When you reach the line that contains "Adam & Eve Spank" in the data below, start reproducing lines exactly, and stop after the line that contains "24x PLATINUM JUBILEE".

Data extracted from a collection:
Segment Open

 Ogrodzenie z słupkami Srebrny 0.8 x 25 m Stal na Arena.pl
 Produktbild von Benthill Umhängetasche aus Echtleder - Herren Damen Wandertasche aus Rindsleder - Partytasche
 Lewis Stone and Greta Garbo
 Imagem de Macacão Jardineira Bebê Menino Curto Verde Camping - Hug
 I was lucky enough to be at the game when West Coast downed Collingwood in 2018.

Segment Closed
Segment Open

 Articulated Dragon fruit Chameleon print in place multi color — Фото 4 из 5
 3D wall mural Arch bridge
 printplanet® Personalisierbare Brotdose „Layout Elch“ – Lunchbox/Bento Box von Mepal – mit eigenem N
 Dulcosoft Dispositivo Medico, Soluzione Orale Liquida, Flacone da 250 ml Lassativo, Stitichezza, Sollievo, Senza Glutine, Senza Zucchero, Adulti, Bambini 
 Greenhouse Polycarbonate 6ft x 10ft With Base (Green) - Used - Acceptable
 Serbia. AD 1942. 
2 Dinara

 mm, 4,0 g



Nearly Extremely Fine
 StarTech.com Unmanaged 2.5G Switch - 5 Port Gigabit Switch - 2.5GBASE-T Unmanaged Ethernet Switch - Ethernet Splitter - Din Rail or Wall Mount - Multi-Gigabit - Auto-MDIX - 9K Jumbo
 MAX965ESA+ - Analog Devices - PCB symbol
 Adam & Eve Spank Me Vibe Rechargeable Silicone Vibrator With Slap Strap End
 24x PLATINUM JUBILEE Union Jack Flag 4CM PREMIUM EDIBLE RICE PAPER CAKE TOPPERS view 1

Segment Closed

Answer to the exercise:
 Adam & Eve Spank Me Vibe Rechargeable Silicone Vibrator With Slap Strap End
 24x PLATINUM JUBILEE Union Jack Flag 4CM PREMIUM EDIBLE RICE PAPER CAKE TOPPERS view 1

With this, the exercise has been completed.